Louis took out his paper and charcoal. He sat on the floor and spread the paper out on the footstool. He looked over at the windows where he and the dead girl swam in a reflection of candlelight. Outside, the river flowed dark and wide, and he wondered how many dead bodies were lying at the bottom of the Seine.

He put his first line on the paper, a curve that would become her hip and leg. He would leave her face until last and transpose the gash to the shadowy side of her face. The feeling in the pit of his stomach began to recede, and soon he lost himself to the problem of composition, to the trade-off between suggestion and clarity. Her hands were curled and he found the courage to touch her and straighten her fingers. There was a stiffness in her joints, but he managed to flatten the palms of her hands and lay them across her thighs. Her fingernails held river silt. Louis saw a flash of her in the murky Seine, an image of her climbing and raking through the brackish cold water.

By the time he was ready to sketch her face, two hours had gone by and Frederic had come in several times to inform him that he was free to leave whenever he wanted.

“I get the five francs from Marius after you’ve been here an hour,” Frederic said.

“I’m almost done,” Louis said absently. Without looking up, he reached into his pocket and held out a few coins.

Frederic took them and said, “Well, I’ve got to put her back in the cool room before long. I can’t have her sitting out here all night.”

Louis handed him the rest of the coins in his pocket. “Leave me alone and I’ll be done shortly.”

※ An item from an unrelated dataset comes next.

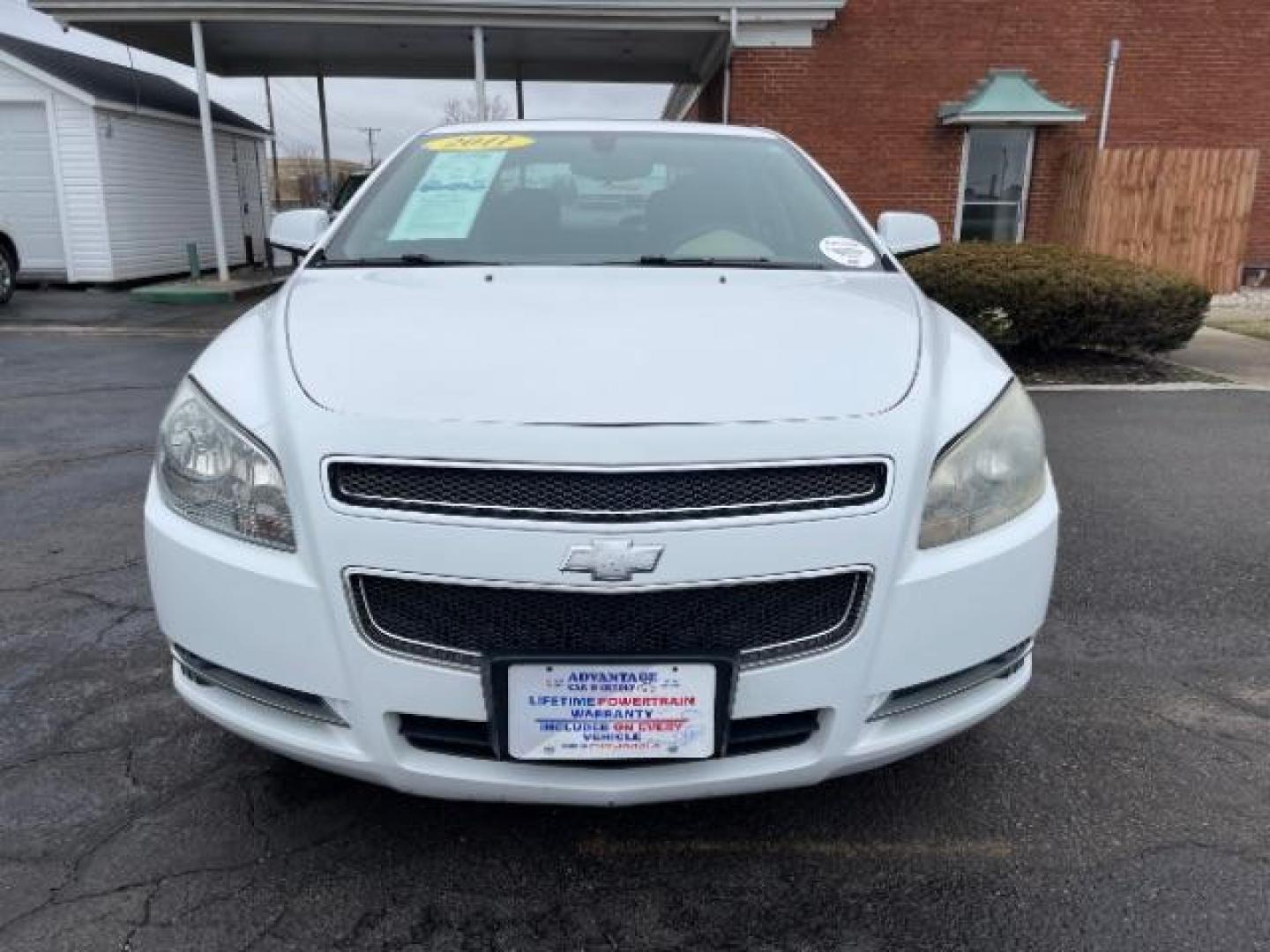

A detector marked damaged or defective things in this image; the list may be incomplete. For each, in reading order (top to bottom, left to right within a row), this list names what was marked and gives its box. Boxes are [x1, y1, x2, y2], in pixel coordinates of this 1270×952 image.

cracked pavement [0, 322, 1265, 952]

Frederic left the room. Louis reached up and moved a strand of hair from her cheek. She’d bitten her lip badly, and there was a speck of dried, russet-colored blood in the corner of her mouth. Louis would omit this detail from the portrait. The proof of her murder would not be in her gashes and bruises, but in the startled aspect of her face, in the martyred angle of her chin as it tilted towards heaven. Louis took his time with her eyes, sharpening his charcoal with his knife to ensure a good edge. Her features did not possess a deathly peace; her eyes suggested a lapse into troubled dreams, and her mouth was poised as if she might call out. Her lips were parted a fraction, just enough so that Louis could make out an edge of white tooth. That millimeter of space was the only suggestion that she had been alive, that her mouth had once moved—laughed, pouted, sung—because now it was a thing unhinged, a door that stood ajar between the living and the dead. Frederic came back a while later and stood insistently beside Louis.

“Outside it’s morning,” Frederic said. “I’m going home to sleep, and you have to leave.”

Louis looked down at the portrait. The lines and shadings depicted as much as they concealed. The girl was both solid and ethereal, both beautiful and terrible.

“Very well,” Louis said, standing.

Frederic looked down at the portrait. “That’s not her,” he said.

“She seems to be the only dead girl in the room.” Louis folded the drawing and placed it in his coat packet. He turned for the hallway. From behind he heard the sound of Frederic wheeling a cart into the exhibition room. He kept walking, eyes down, because he did not want to see Frederic heft the girl’s body like an animal haunch. The night watchman was smoking out on the front stoop when Louis opened the main doors. They stood there for a moment, neither of them speaking. The sun was coming up behind the tenements. They watched a wine barge pull slowly up the river.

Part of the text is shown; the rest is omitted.